Welcome to Crisis Communications 101, class. I’m your professor, Dr. SPW.
In today’s forum, we will explore the constant downward spiral known as the airline industry. You see, since the horrific tragedy of Sept. 11, 2001, all airlines were confronted with insurmountable obstacles to keep flying. There was national fear, distrust and avoidance of flight. Some flied for bankruptcy protection. Others went belly up completely. This brings us to Delta Airlines, which used to embody the endearing acronym “Don’t Even Leave The Airport.”
And now, that vitriol has come back, reared its ugly and may scratch its damn eyes out. Why? The real-not-photoshopped-amazing-to-hard-to-believe-that-was-coincidental-boarding-pass above is a good hint.
Meet Jeffrey White. According to the Washington Post, Jeff, as the cool kids call him, is a student at the University of West Florida. Jeff purchases a flight to Albany. Maybe there was a sale for ‘Disney on Ice’ tickets, who knows. What matters is not why he bought the ticket, but rather, what
dastardly political message … eh, greeting was on the ticket awaiting Jeff.
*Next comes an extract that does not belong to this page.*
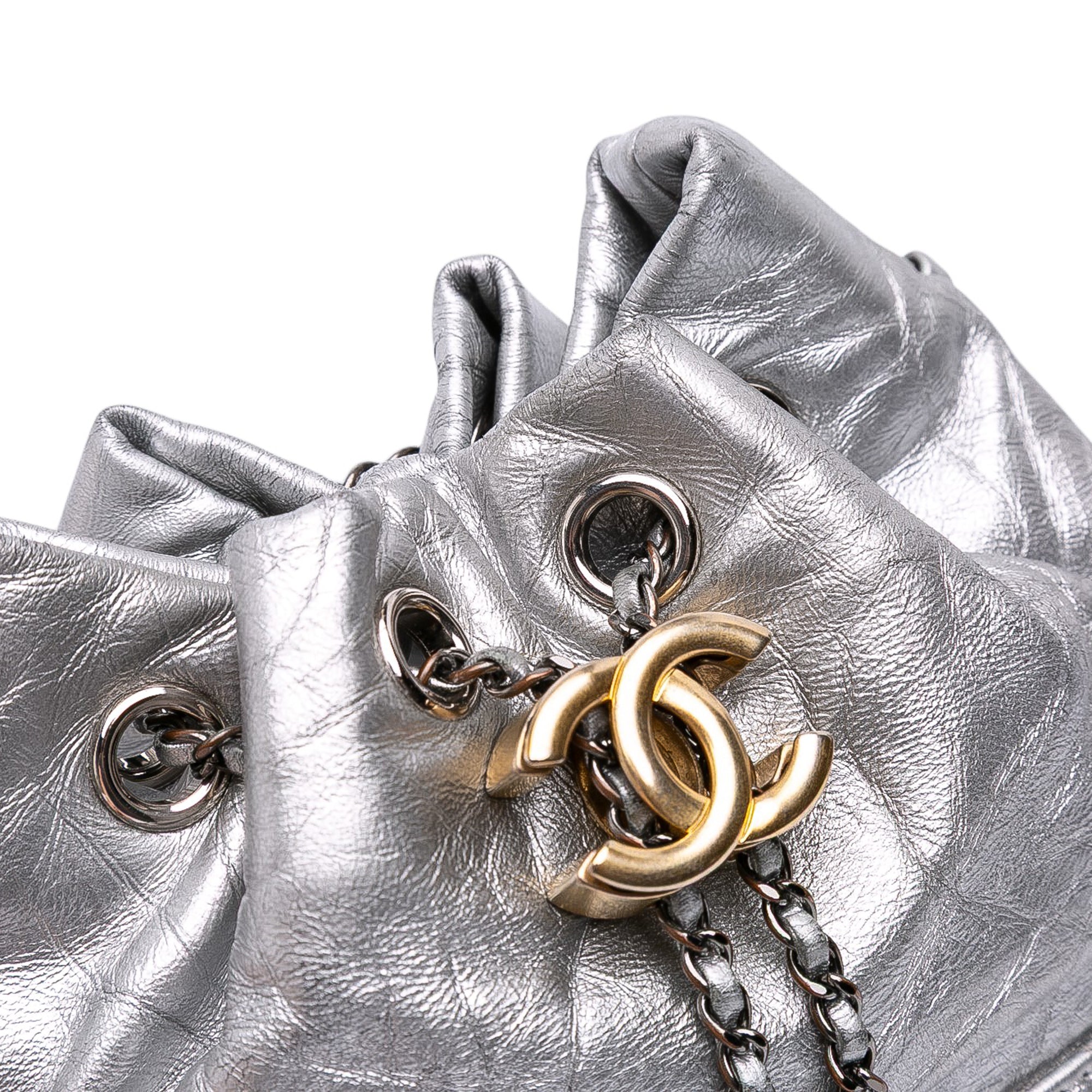 Small Quilted Metallic Aged Calfskin Gabrielle Bucket Bag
Note the highlighted section smartly and not-so-surreptitiously disposed like a vanity plate on Speaker John Boehner’s Lincoln Town Car: H8GAYS.
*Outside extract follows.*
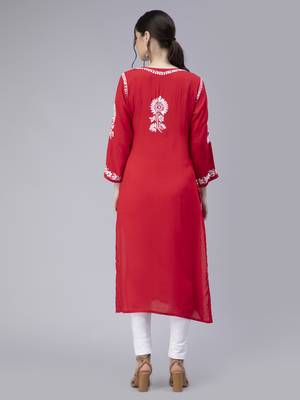 Red embroidered cotton chikankari-kurtis 4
“At first I didn’t think I read it right,” says White. “I was worried that another customer might think I somehow picked that code. If I were a gay male, I might have thought that a Delta worker purposely gave me that code, and that would have made me extremely uncomfortable.”
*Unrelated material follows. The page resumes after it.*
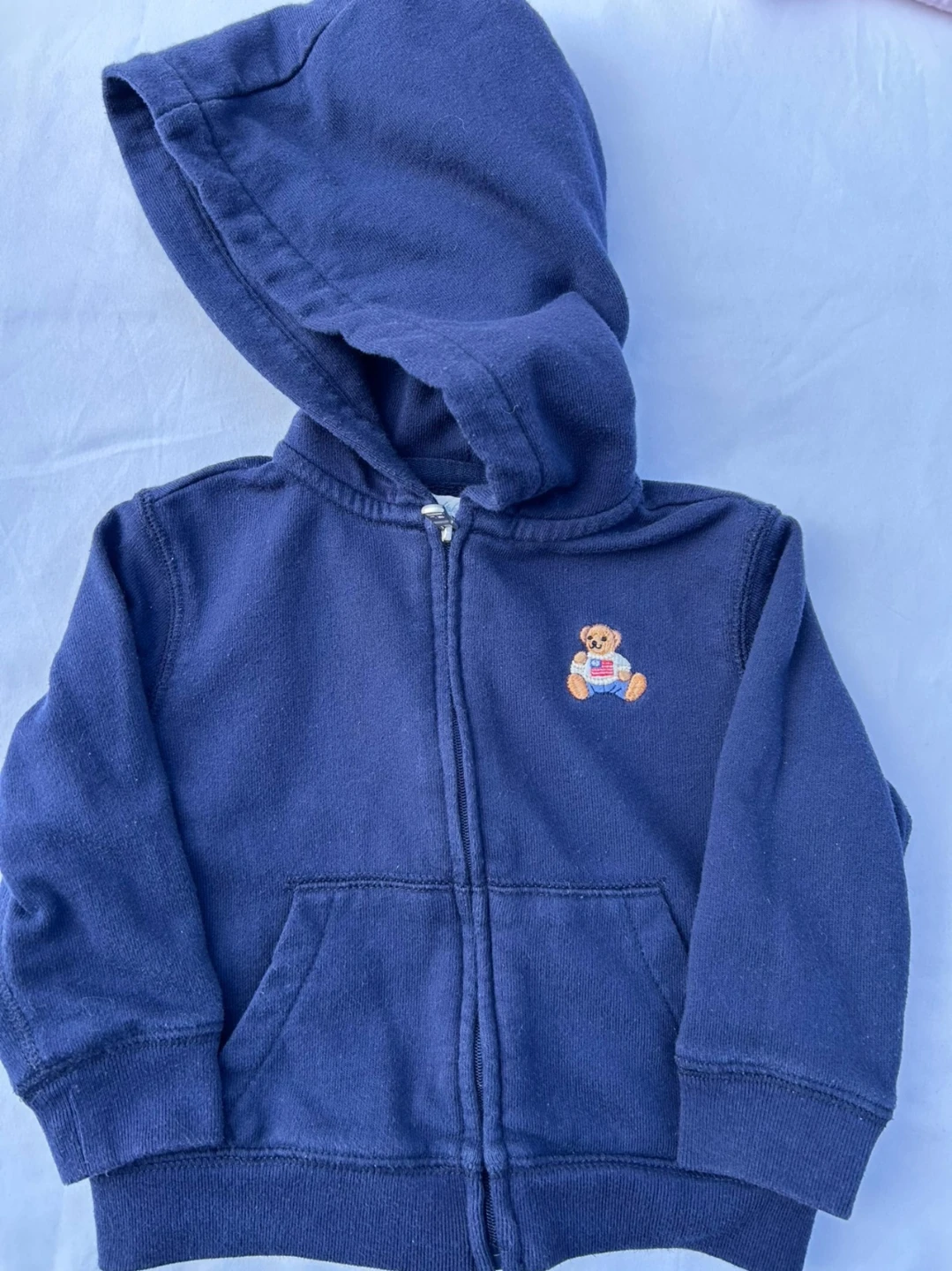 Ralph Lauren Navy Zip-Up Hoodie with Teddy Bear (6M)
Imagine the kerfuffle if he were gay. DAYUM! I digress. You were saying, Jeff…
White, however, stated that he was surprised Delta officials had not blocked the offending combination of letters and numbers from the company’s system. “I’m sure they removed many four-letter words that would be seen as offensive,” he stated. ”I’m surprised that ‘gays’ and ‘H8’ weren’t blocked as well.”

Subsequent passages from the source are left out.